# Multivariate Linear Regression
Multivariate Linear Regression with Backward Elimination to have features that are significant to the model
### Step 1: Importing required libraries and modules

In [None]:
import pandas as pd
import numpy as np
from sklearn.preprocessing import LabelEncoder, OneHotEncoder
from statsmodels.formula.api import OLS as regression
from sklearn.model_selection import train_test_split
import matplotlib.pyplot as plt
%matplotlib inline

### Step 2: Reading CSV dataset to pandas Dataframe

In [None]:
dframe = pd.read_csv("50_startups.csv")
dframe.head()

Copying X training data to a new dataframe

In [None]:
x_data_frame = dframe[dframe.columns.tolist()[:-1]]
x_data_frame.head()

Similarly, copying Y data to a new dataframe

In [None]:
y_data_frame = dframe.Profit
y_data_frame.head()

### Step 3: Label Encoding
To convert categorical data(State) to numerical data for model fitting and prediction

In [None]:
label_encoder = LabelEncoder()
x_data_frame.State = label_encoder.fit_transform(x_data_frame.State)
x_data_frame.head()

> To avoid multi colinearity, eliminate the relation between the encoded labels, use OneHotEncoding on encoded labels<br>

**In this example, i got rid of the Dummy Variable Trap by eliminating very first column of training data.**

In [None]:
hot_encoder = OneHotEncoder(categorical_features=[3])
x_data = hot_encoder.fit_transform(x_data_frame).toarray().astype(np.int)[:,1:]
x_data[:5,:]

In [None]:
y_data = y_data_frame.values.astype(np.int)
y_data[:5]

### Step 4: Split and Fit
In this step, i am spitting the data to test and training set for x and y repectively and then fitting the training data to the regression model. 
<br>
In this case, we are not using scikit Regression Models because they do not provide P value information for the fitted model and thus i am making use of statsmodels in python for Regression Model

In [None]:
x_train, x_test, y_train, y_test = train_test_split(x_data, y_data, test_size=0.2, random_state=0)
regressor = regression(exog=x_train, endog=y_train).fit()
regressor.summary()

### Step 5: Building a better model with Backward Elimination
For model for better prediction, i am making use of Backward elimination process to get rid of the features that are not really affecting the performance of the model.

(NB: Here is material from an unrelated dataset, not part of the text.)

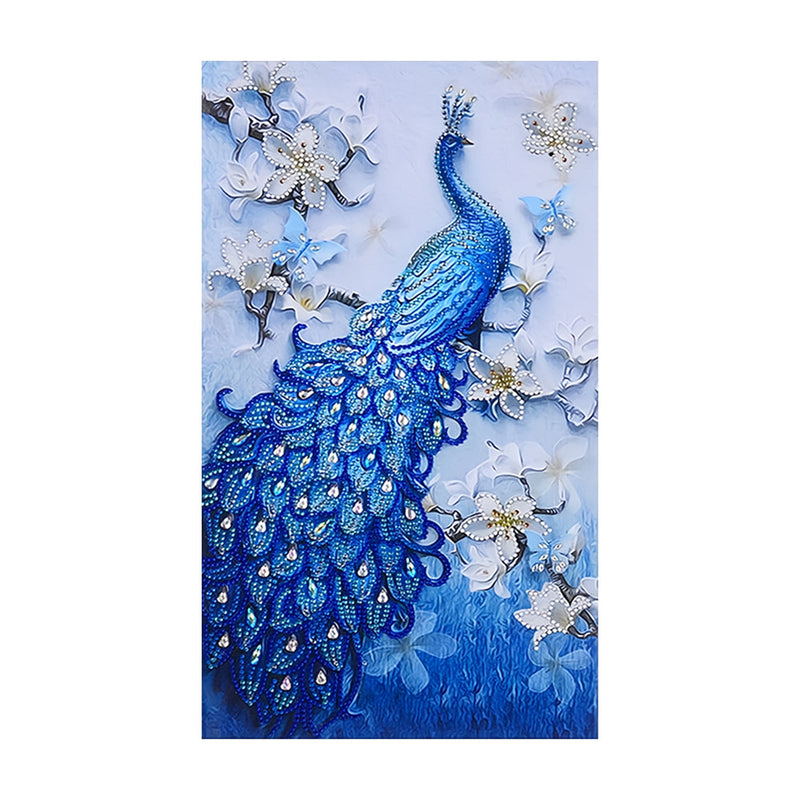 Blauer Pfau und Orchidee Sonderform Diamond Painting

Backward Elimination steps:
- Suppose a significance value, let say 5%
- Fit the model with all features and check for a feature having P value > Significance value, otherwise finish
- Eliminate that feature having P value > Significance value and fit the model with new feature set
- Repeat until we get rid of all the unwanted features from the training set

In this case, we get rid of x1 (refer above summary) from training set having P value of 92% (0.920) and then fit the model with remaining features and check for the feature having P value > Significance value again.

In [None]:
x_train = x_train[:,[1,2,3,4]]
x_test = x_test[:,[1,2,3,4]]
regressor = regression(exog=x_train, endog=y_train).fit()
regressor.summary()

Now, i didn't find any feature having P value greater than Significance value. Thus, by now, our model is ready for prediction.